You are my beautiful, divine, and loving son. I am the luckiest mom on earth! You make me smile with delight. You tickle me inside with your jokes and puns. You are amazing. You are brilliant. You are the joy that fills my day and the reason I fall asleep proud. You are a bright star that brings the family an element of surprise, adventure, truth, and great passion.
Our family is complete because of YOU!
Your passion is so huge that it fills the whole of our house. Your creations, inventions, and experiments—as they explode in our bathrooms, across our kitchen, on the balcony, and all around the house—they announce to the world: I am brilliant! I am creative! I am GREAT!
Our family is whole because of you. Because of your brilliance and charm. Your directness. Your ability to see and feel at a deep, deep level. Your gift of knowing things beyond this world. Your gift of bringing a smile to our face, over and over. Your memory is fascinating. Your strong will and determination is amazing.
You will go far in life. You have so very much to offer the world.
And I am so very sorry that I have not been there for you. I am ashamed. I am saddened. I was wrong.
I’ve been lost in my own world and pain. I’ve been hiding from events in my life. I’ve been afraid. I haven’t been brave like you. I haven’t been courageous like you.
But you know what?
You have made me braver with your words today.
Know why?
Because I love you so much, that your very words pulled me out from where I was hiding, and motivated me to stop being selfish, and to see the beautiful gifts in my life. Gifts like you, and your smile, and your loving eyes—and your huge, huge heart!
I am so blessed!
Look at you. Look what God has giving Mommy! A beautiful, intelligent, healthy, loving, charming, courageous boy. Who could ask for more? Why have I been so blinded in my own worries and fears?

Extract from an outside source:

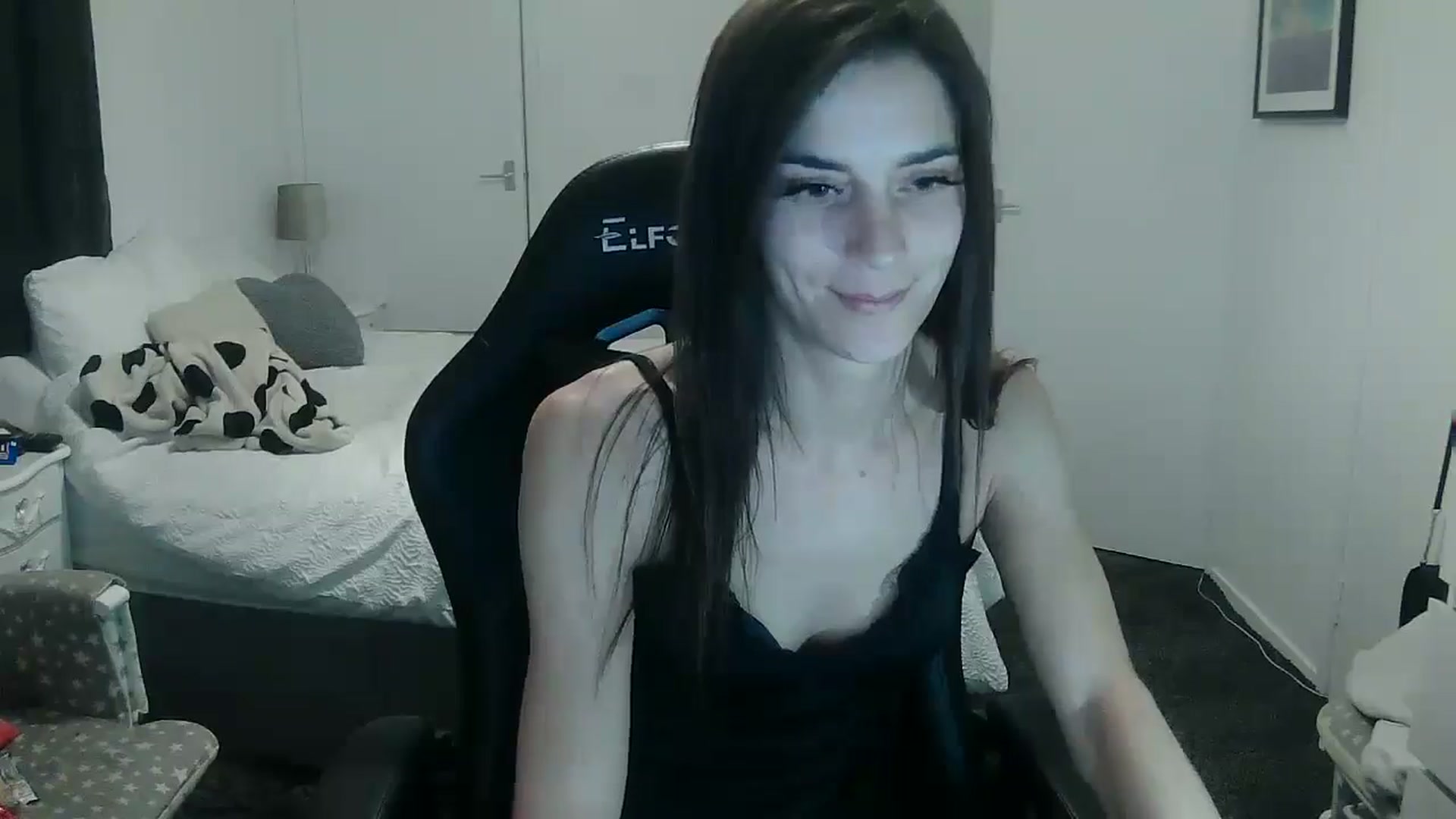 Gallery image thumbnail from Gymgirl1993's myfreecams stream on, 04/08/2025, 19:51 image 7 of 20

You are glorious beyond words.
So this is both my sorry letter to you, my loving son, and my thank you letter to God.
Thank you God for my boy. Thank you for his angel heart, for his angel hugs, and for his patience with his mom. I know how blessed I am. Please forgive me for not appreciating this marvel you have placed before me, for this gift you have trusted in my care, for this wise being at my side.
“Thank you!” I shout from the highest mountain. “Thank you for this greatest gift in the whole of the world. Thank you for my glorious boy. For my super, fabulous kid who makes my world marvelous.”
Today, my son, I honor your words and concerns. I honor you. I honor all of you. All parts of you. Everything about you is absolutely perfect. There is nothing I would change, nothing I would alter.
I can’t wait until you get home; I’m counting the minutes. I will get on my knees and say: “I’m sorry.”
Then I will wrap my arms around you, and say: “I love you farther than all the universes can reach. I have loved you for a thousand years. Darling, don’t be afraid. I will love you for a thousand more! I will love you forever and ever! I am here.”